Task requirements: Transcribe the entries below word for word, beginning at the line with "Skoda Karoq 1.0" and stopping after the line with "Government Jobs: ಪಿಯುಸಿ"; drop all pictures.

Information shown:
========
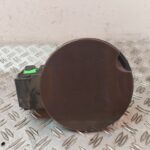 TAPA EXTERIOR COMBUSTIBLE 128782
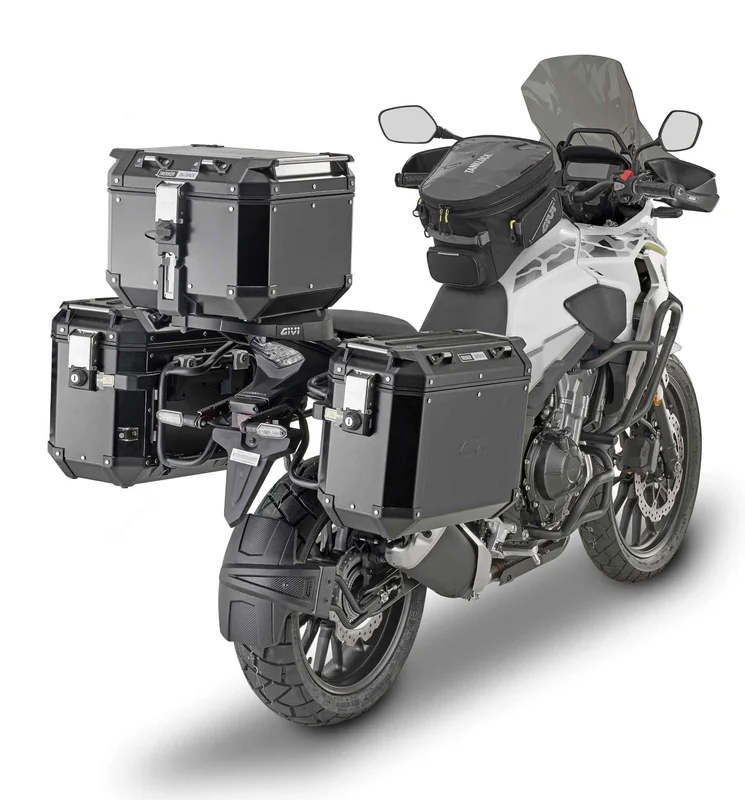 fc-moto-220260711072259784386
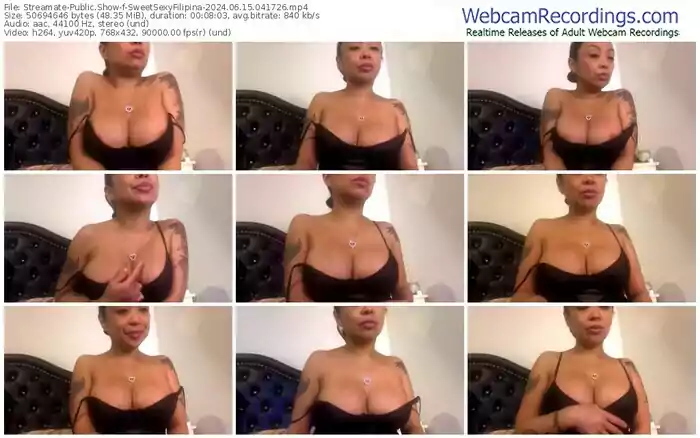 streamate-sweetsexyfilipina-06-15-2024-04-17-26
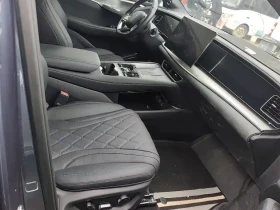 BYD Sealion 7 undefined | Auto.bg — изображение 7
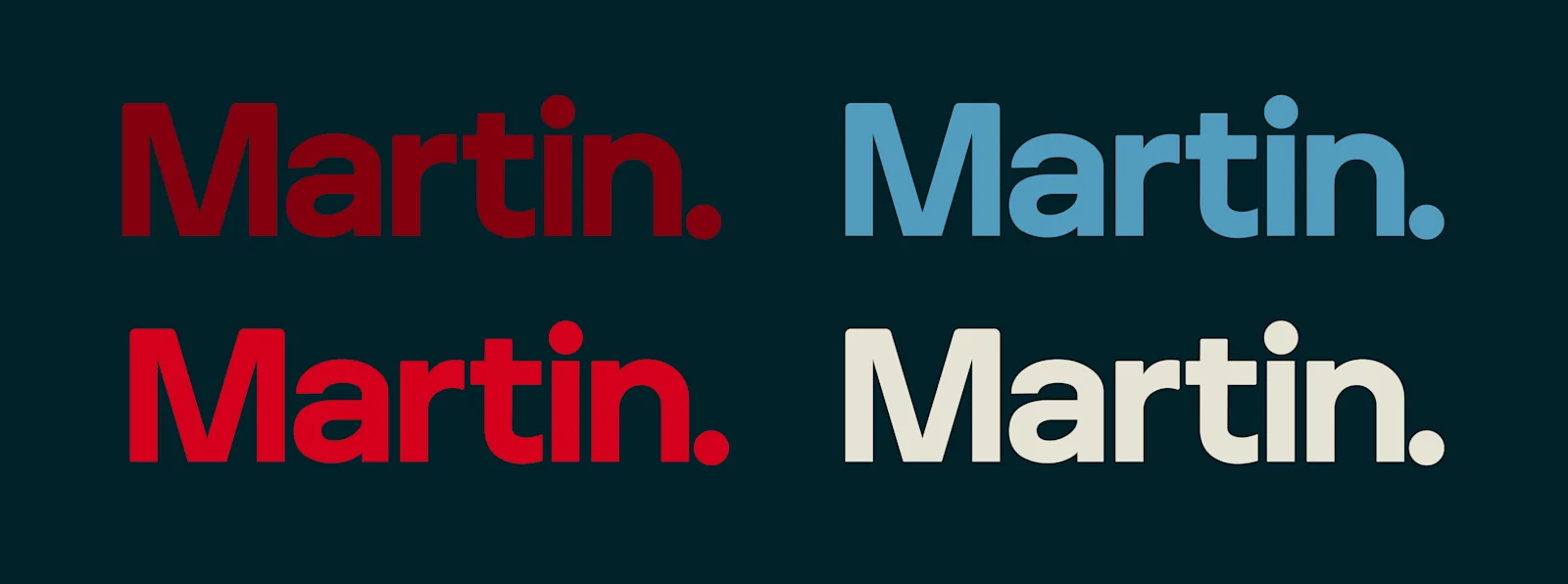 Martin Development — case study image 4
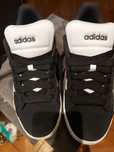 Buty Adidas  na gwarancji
========
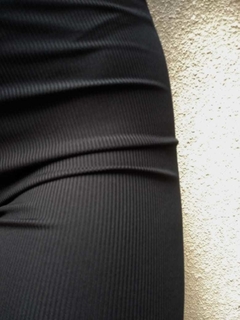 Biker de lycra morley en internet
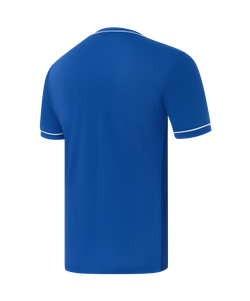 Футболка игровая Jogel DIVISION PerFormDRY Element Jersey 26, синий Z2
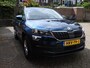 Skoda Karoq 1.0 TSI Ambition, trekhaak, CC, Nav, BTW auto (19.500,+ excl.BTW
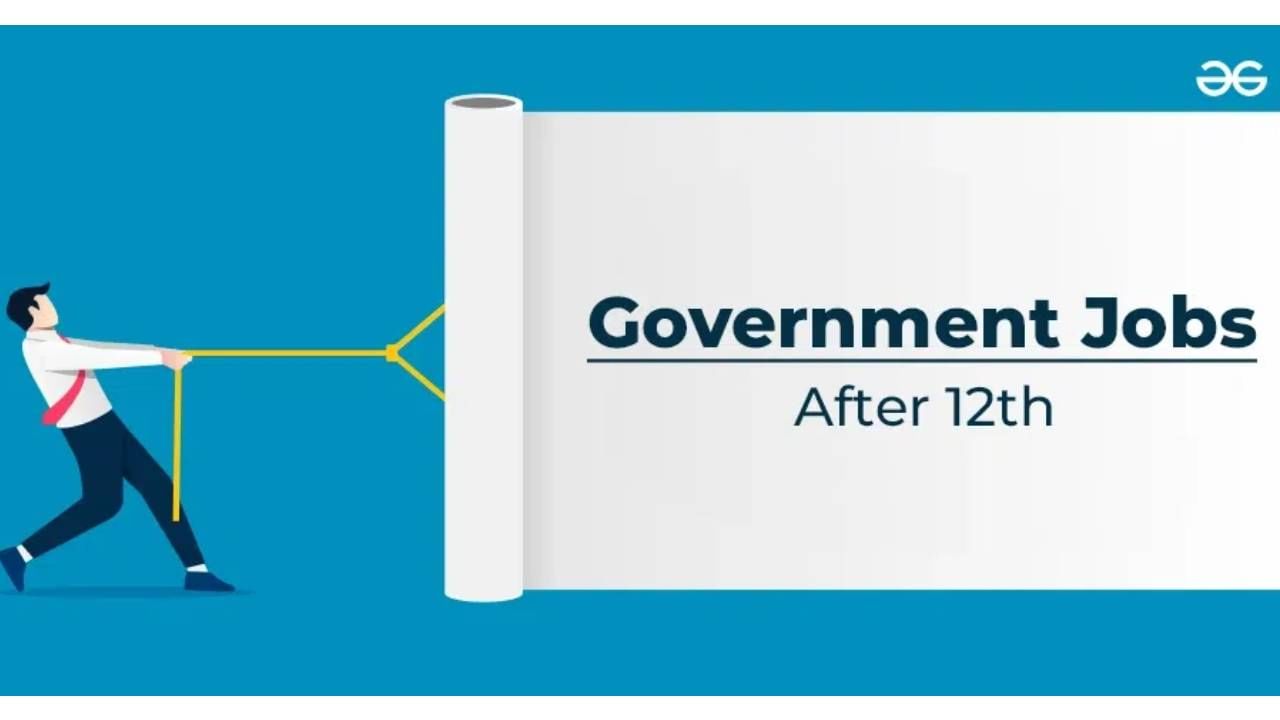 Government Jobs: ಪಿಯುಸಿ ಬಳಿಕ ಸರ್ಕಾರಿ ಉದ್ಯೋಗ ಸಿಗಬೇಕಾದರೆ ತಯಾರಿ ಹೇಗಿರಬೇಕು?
========
Task result:
 Skoda Karoq 1.0 TSI Ambition, trekhaak, CC, Nav, BTW auto (19.500,+ excl.BTW
 Government Jobs: ಪಿಯುಸಿ ಬಳಿಕ ಸರ್ಕಾರಿ ಉದ್ಯೋಗ ಸಿಗಬೇಕಾದರೆ ತಯಾರಿ ಹೇಗಿರಬೇಕು?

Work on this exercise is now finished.